**Task goal**:
Below are the records; copy exactly the stretch from the line containing "-LV路易威登(王府井半岛酒店)" through the line containing "Ben Bratoiu", both ends included, and nothing else.
Content starts
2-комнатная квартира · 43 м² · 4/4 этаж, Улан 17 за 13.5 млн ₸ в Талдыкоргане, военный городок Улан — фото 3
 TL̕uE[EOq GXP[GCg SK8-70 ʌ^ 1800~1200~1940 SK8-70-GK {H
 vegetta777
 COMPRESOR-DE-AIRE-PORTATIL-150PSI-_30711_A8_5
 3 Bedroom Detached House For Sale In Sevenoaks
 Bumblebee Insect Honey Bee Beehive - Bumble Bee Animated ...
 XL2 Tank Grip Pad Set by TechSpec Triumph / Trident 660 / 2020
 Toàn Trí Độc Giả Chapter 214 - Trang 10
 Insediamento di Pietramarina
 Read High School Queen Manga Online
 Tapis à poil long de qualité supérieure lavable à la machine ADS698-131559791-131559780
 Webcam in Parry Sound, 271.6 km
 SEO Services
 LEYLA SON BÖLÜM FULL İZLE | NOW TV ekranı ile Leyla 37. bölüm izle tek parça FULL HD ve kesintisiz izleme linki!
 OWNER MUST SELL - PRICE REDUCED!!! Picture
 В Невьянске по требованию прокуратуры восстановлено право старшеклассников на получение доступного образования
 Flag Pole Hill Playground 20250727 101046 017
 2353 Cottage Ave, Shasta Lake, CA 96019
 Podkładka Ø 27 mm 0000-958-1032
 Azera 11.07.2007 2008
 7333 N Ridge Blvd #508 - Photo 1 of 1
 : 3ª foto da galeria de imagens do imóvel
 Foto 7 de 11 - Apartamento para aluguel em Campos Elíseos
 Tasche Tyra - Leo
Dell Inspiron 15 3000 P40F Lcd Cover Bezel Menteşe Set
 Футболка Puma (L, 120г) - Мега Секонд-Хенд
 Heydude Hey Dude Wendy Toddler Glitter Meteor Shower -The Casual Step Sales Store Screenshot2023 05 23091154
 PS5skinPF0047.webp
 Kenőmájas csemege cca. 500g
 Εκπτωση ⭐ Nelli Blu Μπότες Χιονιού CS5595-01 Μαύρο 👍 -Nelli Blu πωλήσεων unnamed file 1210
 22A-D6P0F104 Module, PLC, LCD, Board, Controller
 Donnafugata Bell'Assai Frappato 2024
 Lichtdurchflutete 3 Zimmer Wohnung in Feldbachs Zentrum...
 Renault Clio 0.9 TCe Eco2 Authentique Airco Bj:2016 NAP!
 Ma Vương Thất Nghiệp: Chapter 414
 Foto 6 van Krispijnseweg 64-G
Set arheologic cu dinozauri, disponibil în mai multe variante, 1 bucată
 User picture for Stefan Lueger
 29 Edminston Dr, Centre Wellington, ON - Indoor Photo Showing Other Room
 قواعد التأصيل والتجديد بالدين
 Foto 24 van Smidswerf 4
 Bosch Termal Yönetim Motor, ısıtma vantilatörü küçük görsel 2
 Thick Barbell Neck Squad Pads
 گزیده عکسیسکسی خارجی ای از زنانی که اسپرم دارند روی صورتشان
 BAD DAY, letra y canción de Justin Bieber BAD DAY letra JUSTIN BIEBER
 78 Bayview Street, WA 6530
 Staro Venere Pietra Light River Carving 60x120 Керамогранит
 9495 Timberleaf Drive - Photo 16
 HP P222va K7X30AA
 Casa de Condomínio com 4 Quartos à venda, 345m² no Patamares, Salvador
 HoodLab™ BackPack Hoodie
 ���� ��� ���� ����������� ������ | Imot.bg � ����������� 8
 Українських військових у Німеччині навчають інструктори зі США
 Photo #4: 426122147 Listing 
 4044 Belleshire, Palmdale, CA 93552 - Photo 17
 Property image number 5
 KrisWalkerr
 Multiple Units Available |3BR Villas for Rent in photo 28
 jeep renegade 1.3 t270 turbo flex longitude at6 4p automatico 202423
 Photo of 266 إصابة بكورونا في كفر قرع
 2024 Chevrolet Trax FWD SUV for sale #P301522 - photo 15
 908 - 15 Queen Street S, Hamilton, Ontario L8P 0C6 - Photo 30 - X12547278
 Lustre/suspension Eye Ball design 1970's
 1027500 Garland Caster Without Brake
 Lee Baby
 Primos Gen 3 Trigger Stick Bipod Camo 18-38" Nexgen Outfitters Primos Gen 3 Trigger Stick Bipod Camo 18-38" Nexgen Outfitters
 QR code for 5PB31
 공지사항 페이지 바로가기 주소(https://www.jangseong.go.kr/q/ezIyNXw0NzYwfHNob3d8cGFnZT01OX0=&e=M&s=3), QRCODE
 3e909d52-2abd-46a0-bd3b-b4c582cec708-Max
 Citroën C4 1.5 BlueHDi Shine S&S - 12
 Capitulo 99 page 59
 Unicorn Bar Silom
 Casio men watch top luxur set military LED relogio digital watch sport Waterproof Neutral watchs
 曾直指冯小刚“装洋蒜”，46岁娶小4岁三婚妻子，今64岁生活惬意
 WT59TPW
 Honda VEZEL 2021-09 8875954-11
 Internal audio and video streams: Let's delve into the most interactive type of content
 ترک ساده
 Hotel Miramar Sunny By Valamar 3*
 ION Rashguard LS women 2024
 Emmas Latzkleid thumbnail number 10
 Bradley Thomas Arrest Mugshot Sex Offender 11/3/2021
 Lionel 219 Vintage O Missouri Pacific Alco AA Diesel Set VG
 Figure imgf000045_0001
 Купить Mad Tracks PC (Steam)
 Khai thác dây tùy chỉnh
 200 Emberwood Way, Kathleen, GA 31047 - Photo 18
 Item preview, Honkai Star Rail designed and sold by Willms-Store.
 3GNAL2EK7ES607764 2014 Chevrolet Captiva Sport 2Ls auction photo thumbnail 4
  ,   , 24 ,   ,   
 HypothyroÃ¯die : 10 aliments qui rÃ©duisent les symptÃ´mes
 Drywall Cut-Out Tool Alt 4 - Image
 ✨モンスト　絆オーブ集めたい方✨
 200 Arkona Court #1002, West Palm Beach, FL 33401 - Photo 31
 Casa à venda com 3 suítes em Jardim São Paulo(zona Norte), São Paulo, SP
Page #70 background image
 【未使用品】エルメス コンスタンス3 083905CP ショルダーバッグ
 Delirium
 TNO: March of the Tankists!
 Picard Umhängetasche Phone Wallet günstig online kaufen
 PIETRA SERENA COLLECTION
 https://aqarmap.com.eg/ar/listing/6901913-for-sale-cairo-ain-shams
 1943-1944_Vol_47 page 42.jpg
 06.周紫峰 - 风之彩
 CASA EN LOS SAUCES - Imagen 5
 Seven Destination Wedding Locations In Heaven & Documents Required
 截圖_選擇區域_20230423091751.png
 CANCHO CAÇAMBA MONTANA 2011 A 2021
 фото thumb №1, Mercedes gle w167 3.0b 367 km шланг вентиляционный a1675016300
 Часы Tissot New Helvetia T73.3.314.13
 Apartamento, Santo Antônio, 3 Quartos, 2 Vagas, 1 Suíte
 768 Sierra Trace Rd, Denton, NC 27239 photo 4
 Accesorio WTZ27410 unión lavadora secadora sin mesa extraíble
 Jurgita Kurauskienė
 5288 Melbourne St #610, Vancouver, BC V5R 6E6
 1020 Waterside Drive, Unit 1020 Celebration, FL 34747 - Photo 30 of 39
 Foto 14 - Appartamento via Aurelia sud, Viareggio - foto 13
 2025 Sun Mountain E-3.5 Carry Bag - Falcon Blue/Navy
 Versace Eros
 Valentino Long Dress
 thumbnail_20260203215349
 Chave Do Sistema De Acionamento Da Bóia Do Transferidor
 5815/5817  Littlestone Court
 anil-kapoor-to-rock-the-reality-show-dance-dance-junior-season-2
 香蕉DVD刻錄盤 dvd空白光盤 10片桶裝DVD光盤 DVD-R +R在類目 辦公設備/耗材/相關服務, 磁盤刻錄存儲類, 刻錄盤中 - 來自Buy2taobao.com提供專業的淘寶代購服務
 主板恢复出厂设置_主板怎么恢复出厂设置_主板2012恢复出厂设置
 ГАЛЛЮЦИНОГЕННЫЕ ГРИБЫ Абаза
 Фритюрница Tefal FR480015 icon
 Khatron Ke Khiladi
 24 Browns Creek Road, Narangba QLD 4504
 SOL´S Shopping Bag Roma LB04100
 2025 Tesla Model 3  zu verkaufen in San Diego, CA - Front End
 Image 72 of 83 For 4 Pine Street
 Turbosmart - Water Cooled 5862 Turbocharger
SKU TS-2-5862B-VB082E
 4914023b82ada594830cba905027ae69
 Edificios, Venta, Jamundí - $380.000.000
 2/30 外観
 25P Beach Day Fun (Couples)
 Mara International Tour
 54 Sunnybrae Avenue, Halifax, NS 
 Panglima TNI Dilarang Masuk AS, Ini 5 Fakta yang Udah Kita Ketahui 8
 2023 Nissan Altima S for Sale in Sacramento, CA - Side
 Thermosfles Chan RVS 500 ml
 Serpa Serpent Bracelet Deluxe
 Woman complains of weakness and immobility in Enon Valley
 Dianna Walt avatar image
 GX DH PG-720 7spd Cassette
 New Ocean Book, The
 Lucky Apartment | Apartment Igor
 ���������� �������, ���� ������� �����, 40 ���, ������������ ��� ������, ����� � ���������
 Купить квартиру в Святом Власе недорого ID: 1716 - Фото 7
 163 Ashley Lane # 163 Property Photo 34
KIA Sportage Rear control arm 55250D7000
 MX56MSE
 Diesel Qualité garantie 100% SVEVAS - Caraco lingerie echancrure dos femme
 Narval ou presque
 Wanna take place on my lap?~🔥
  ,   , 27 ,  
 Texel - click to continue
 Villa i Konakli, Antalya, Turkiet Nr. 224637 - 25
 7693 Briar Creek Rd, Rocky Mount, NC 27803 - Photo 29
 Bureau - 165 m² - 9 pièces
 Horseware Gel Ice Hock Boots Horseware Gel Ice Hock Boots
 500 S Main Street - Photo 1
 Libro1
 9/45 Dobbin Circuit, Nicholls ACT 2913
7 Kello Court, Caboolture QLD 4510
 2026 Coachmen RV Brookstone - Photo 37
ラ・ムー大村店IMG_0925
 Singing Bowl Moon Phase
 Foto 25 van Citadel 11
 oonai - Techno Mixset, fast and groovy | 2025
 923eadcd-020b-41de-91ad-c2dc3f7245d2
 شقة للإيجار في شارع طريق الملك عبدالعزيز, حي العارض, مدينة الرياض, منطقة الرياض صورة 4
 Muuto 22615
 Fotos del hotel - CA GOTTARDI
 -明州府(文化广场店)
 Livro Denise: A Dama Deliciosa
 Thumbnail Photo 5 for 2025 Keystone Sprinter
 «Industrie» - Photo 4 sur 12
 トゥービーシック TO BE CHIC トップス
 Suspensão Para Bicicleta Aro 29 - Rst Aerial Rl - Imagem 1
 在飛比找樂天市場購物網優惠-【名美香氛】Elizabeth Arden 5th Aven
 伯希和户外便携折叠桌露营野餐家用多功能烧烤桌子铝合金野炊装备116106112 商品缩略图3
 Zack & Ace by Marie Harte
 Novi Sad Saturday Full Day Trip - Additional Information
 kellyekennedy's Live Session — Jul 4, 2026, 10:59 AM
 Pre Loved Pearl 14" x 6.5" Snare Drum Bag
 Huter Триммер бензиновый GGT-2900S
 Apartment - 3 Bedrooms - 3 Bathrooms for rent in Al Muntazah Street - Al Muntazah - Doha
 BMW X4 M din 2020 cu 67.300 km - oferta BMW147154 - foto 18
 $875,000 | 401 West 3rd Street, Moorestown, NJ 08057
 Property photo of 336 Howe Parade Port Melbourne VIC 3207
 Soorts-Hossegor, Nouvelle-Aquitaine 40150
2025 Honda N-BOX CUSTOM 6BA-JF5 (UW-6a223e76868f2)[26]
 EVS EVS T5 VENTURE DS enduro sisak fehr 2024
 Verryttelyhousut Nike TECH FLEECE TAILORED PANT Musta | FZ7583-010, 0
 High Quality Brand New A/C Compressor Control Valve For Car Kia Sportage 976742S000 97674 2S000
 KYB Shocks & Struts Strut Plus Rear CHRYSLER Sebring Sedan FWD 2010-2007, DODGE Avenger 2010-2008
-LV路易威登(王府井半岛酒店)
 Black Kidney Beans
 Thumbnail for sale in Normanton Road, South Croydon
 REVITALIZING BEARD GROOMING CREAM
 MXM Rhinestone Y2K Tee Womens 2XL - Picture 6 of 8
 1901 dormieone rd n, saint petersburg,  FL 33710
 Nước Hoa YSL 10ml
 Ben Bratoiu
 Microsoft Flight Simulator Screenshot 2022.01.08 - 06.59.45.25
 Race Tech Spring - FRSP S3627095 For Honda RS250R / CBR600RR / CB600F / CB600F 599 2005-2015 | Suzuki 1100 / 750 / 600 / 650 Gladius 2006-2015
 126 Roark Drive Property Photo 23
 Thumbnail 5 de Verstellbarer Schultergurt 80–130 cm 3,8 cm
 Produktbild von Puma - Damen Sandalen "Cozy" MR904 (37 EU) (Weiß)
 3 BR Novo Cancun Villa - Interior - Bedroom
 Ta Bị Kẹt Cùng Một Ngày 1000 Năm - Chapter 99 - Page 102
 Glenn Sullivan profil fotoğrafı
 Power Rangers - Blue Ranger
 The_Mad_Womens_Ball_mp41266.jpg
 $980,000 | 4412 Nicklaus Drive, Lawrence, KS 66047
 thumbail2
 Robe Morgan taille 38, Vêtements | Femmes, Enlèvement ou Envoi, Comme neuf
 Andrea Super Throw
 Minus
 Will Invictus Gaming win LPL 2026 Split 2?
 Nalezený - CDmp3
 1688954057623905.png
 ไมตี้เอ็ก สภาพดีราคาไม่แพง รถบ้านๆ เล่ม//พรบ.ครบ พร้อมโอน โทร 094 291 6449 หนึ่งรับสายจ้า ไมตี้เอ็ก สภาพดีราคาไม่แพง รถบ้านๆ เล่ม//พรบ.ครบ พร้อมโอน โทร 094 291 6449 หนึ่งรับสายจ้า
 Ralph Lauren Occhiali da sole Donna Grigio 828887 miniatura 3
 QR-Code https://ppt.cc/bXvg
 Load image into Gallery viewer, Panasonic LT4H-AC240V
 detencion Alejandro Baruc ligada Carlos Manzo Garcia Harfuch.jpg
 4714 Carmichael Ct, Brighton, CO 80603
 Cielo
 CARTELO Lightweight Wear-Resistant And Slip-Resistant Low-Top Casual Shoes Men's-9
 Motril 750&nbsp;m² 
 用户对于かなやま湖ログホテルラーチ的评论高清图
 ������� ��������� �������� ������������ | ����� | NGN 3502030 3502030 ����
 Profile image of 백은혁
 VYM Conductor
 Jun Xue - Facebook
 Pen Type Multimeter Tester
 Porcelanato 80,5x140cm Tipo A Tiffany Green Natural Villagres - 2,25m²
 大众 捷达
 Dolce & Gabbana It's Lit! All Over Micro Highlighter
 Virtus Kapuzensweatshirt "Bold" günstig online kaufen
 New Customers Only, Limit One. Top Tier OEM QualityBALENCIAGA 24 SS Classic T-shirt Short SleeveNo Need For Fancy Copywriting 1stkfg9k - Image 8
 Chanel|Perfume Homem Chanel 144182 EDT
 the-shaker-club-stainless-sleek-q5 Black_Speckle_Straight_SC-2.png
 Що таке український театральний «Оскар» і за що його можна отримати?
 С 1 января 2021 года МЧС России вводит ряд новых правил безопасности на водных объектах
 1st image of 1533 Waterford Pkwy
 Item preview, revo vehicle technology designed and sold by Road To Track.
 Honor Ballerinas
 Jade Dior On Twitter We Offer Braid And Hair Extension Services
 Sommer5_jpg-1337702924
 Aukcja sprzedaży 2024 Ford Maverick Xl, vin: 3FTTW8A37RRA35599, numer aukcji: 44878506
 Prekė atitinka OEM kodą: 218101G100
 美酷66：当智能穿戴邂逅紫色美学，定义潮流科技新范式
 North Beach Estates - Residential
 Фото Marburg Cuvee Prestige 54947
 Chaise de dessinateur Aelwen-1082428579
Content ends
**Result of this task**:
-LV路易威登(王府井半岛酒店)
 Black Kidney Beans
 Thumbnail for sale in Normanton Road, South Croydon
 REVITALIZING BEARD GROOMING CREAM
 MXM Rhinestone Y2K Tee Womens 2XL - Picture 6 of 8
 1901 dormieone rd n, saint petersburg,  FL 33710
 Nước Hoa YSL 10ml
 Ben Bratoiu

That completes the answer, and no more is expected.